### Problem to work on
Once you reach the line with "Unglücklich schockiert Mann" below, copy each line exactly, stopping after the line with "1947 silver peso (uncirculated condition)", and skip any pictures.

[Captioned web images]
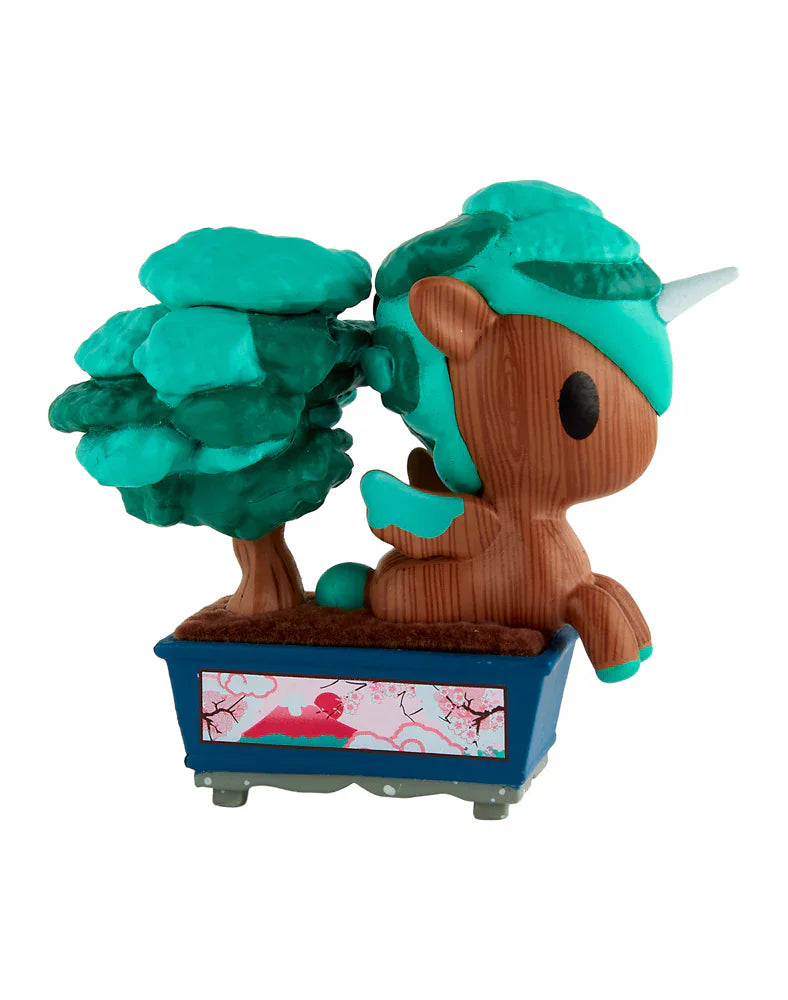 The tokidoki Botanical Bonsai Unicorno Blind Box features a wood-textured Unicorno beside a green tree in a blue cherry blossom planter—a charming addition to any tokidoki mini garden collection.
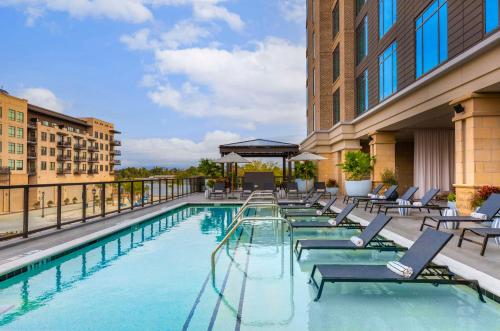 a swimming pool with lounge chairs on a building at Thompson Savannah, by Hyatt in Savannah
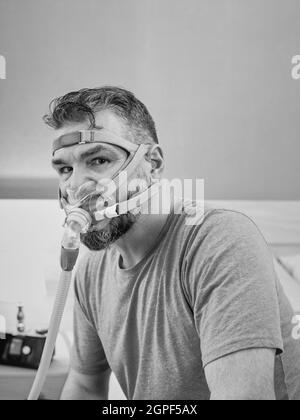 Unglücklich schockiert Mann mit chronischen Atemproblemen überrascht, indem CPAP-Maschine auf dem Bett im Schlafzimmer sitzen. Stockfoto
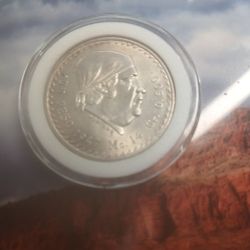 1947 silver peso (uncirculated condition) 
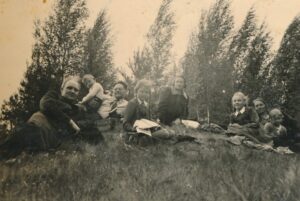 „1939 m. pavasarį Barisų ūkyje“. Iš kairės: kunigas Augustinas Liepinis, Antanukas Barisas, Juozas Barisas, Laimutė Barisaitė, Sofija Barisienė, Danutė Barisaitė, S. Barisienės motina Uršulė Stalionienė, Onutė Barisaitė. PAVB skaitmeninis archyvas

### Exercise response
 Unglücklich schockiert Mann mit chronischen Atemproblemen überrascht, indem CPAP-Maschine auf dem Bett im Schlafzimmer sitzen. Stockfoto
 1947 silver peso (uncirculated condition) 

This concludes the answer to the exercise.